We learn in different ways that have to do with personality and cognition. The most important ones refer to four ways: visual, auditory, kinesthetic, and reading/writing.
Most people are a combination of these four styles, but more times, they have a predominant style of learning. Each of these styles has a complementary way of teaching. Now, let’s see the characteristics each of these styles entails and how best to make use of them.
Visual learning style are individuals who prefer to take in their information visually—be that with maps, graphs, diagrams, charts, and others. However, they don’t necessarily respond well to photos or videos, rather needing their information using different visual aids such as patterns and shapes. The best way to present to visual learners is by showing them the relationship between different ideas visually. For instance, when explaining a scientific process, it can be done by using a flow chart.
Auditory learning style are individuals who learn better when they take in information in auditory form when it is heard or spoken. They are prone to sorting their ideas after speaking, rather than thinking ideas through before. Since, to them, saying things out loud helps them understand the concept. Auditory learners learn best when information is presented to them via strategies that involve talking, such as lectures and group discussions. They can benefit from repeating back the lessons, having recordings of the lectures, group activities that require classmates explaining ideas, etc.
Kinesthetic learning style are individuals who prefer to learn by doing. They enjoy a hands-on experience. They are usually more in touch with reality and more connected to it, which is why they require using tactile experience to understand something better. The best way to present new information to a kinesthetic learner is through personal experience, practice, examples, or simulations.
Reading/Writing consume information best when it’s in words, whether that’s by writing it down or reading it. To them, text is more powerful than any kind of visual or auditory representation of an idea.

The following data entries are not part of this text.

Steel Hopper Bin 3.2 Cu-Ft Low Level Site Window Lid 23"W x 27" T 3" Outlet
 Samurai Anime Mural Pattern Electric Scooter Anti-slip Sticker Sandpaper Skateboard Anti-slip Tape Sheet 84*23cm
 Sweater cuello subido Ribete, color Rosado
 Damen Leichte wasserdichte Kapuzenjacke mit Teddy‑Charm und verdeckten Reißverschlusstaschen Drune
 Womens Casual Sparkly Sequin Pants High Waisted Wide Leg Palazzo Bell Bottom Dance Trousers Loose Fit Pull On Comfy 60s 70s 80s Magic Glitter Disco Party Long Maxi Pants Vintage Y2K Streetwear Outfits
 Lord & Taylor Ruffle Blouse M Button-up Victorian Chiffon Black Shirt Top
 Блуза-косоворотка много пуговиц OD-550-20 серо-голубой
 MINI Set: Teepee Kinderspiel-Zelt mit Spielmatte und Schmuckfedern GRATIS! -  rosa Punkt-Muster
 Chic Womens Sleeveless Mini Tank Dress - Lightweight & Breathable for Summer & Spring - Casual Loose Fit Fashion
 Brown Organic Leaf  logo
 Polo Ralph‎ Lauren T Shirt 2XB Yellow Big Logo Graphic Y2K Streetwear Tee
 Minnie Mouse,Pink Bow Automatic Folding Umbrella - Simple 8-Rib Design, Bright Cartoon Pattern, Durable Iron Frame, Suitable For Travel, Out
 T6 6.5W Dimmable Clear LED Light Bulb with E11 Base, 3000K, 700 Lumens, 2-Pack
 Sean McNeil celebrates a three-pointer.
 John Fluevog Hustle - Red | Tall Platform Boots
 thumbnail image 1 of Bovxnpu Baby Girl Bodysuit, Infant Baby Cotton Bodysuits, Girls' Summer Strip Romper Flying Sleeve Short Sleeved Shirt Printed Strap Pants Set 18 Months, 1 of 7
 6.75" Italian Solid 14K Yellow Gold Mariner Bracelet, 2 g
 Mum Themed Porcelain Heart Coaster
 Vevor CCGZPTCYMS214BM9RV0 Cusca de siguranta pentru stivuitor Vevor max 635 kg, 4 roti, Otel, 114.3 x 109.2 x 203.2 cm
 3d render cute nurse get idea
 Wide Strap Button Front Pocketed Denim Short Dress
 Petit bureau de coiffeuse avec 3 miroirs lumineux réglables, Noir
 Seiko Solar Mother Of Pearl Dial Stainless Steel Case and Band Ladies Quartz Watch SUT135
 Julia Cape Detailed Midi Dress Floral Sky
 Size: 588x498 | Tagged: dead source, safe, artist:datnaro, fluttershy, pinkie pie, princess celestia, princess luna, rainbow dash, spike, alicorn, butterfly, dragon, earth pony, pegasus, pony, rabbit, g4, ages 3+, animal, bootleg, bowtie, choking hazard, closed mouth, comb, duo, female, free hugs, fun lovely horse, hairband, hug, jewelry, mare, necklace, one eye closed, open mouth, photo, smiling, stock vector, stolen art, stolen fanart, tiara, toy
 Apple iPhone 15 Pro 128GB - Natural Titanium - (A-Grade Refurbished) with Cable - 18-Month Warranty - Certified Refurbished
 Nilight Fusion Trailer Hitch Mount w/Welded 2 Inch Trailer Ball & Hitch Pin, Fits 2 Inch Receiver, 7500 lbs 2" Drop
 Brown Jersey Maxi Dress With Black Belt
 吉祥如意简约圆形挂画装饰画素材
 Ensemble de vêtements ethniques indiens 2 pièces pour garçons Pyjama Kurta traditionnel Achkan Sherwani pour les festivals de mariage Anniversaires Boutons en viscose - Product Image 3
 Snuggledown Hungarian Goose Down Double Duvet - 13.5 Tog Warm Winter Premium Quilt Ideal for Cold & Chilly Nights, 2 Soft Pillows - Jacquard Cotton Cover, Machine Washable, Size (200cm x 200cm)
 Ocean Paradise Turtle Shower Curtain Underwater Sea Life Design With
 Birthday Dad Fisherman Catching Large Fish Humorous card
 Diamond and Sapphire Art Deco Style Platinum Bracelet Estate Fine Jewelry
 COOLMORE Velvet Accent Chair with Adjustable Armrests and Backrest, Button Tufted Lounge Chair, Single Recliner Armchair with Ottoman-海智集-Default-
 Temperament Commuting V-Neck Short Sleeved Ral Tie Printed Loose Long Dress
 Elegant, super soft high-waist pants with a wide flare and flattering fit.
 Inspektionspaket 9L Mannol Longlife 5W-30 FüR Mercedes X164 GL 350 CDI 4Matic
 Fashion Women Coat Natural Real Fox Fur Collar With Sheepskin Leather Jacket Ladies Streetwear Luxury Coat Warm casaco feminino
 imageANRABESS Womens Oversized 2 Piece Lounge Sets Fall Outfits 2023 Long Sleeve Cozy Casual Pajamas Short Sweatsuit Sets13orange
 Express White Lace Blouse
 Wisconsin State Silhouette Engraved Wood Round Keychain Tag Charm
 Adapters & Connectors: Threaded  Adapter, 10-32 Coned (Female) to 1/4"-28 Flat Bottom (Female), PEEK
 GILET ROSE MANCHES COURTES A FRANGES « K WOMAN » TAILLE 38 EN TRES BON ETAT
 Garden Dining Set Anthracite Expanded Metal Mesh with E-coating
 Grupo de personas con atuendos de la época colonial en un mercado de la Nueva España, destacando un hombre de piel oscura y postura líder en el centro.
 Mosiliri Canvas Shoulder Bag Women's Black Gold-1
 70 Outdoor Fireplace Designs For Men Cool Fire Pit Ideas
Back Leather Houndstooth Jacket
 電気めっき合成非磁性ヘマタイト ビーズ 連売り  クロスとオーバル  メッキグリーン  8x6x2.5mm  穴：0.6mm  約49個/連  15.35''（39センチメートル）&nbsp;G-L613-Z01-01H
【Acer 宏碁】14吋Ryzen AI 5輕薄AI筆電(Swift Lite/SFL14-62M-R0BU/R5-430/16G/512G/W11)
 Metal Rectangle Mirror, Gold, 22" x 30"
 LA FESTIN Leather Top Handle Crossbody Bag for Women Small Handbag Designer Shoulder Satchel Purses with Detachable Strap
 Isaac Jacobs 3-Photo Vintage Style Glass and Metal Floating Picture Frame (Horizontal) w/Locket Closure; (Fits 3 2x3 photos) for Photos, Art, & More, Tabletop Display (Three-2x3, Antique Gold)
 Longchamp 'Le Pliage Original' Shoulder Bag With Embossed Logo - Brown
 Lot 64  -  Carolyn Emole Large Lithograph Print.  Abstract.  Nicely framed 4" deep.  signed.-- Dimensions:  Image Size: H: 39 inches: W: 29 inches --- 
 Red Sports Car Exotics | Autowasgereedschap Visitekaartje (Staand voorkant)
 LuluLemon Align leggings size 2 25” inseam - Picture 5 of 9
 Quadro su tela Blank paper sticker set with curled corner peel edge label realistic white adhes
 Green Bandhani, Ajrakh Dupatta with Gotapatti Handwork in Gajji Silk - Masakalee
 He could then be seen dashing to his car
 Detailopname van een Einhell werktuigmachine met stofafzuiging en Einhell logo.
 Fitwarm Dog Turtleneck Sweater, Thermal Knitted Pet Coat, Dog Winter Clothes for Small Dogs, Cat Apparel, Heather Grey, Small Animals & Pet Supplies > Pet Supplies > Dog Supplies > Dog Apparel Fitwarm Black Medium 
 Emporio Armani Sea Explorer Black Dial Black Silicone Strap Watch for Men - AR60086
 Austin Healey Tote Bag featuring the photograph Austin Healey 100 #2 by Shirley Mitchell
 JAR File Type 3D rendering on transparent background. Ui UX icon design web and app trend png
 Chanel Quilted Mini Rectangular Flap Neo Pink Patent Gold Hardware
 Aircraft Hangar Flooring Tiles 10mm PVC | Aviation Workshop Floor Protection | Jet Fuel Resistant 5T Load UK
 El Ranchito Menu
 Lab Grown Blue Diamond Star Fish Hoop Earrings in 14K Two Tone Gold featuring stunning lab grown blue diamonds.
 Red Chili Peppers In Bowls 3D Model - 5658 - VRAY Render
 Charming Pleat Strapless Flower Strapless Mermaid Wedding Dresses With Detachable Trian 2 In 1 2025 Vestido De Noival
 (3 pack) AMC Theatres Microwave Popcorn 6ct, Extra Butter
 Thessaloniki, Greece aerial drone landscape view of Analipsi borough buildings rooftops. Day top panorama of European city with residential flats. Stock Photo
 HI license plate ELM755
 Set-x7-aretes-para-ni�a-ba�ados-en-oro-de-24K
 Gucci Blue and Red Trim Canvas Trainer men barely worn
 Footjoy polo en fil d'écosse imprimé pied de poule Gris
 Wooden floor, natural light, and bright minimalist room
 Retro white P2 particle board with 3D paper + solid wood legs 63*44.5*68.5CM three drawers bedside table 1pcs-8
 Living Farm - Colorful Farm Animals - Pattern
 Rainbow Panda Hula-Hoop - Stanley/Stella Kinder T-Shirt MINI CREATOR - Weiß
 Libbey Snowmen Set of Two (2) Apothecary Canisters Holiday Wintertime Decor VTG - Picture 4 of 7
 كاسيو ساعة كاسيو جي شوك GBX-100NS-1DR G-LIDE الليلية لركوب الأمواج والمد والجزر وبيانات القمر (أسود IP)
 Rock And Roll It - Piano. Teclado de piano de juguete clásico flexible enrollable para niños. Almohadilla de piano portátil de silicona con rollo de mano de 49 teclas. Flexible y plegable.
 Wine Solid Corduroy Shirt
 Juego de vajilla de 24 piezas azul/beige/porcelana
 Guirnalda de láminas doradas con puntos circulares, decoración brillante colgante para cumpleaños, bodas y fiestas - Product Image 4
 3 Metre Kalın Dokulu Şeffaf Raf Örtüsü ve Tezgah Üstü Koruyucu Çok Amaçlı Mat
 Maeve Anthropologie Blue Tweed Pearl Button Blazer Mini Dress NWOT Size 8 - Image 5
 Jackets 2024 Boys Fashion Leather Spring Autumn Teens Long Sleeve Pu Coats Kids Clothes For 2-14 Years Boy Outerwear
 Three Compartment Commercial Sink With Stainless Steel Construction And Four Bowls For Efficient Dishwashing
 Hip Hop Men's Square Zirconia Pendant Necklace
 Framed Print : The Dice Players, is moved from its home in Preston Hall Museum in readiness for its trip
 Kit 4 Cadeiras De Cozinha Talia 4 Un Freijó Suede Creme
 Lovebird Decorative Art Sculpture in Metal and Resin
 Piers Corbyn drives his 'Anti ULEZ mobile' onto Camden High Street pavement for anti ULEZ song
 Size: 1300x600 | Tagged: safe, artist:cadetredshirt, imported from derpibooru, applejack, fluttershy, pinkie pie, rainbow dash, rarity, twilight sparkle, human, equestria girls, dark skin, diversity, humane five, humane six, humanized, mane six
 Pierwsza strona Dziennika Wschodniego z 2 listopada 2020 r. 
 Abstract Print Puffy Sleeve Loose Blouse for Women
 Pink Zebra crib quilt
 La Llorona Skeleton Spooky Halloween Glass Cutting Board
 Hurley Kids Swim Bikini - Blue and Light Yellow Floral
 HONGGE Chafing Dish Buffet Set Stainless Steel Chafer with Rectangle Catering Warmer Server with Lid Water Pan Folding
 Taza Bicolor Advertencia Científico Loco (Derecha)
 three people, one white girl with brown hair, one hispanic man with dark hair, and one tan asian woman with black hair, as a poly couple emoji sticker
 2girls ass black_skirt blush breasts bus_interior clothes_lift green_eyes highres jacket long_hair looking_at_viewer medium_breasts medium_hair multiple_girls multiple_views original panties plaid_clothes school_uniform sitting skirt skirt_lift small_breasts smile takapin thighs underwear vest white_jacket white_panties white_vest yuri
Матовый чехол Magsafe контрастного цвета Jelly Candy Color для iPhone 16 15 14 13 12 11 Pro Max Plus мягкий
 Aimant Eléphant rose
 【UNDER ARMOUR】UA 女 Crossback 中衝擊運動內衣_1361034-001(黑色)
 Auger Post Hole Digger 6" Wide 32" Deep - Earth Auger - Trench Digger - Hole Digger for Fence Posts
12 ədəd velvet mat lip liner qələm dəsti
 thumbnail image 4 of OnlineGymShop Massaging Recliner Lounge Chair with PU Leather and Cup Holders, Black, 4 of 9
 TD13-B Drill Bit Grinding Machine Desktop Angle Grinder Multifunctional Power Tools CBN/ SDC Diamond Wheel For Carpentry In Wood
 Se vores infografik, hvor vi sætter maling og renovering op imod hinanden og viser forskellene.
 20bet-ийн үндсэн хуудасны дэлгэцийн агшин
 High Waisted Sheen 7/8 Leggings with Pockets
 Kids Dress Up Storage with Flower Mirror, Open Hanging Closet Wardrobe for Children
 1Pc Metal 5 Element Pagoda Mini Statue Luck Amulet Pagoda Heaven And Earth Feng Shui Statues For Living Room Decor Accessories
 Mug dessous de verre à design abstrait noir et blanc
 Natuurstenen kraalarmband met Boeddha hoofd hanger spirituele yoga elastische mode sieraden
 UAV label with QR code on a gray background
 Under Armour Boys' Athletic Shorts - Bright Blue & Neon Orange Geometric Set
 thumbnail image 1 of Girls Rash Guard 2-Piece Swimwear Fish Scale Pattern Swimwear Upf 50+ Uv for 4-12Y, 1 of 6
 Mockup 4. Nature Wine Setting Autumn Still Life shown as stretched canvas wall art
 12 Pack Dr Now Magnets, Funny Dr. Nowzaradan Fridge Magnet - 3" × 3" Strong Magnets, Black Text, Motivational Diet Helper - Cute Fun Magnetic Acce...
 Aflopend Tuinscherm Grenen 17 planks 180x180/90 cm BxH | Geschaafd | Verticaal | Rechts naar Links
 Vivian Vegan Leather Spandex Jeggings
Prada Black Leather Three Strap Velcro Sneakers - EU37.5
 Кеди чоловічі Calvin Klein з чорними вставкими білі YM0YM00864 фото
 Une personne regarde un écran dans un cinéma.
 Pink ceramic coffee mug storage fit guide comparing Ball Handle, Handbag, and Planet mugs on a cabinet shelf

These individuals usually perform very well on written assignments. There are different ways to get a reading/writing learner to engage and understand a certain lesson. For instance, it would be best to have them describe charts and diagrams by written statements, take written quizzes on the topics, or give them written assignments.
It is important to take these styles into consideration when teaching. Aiming towards students’ success in learning implies a variety of activities and stimuli.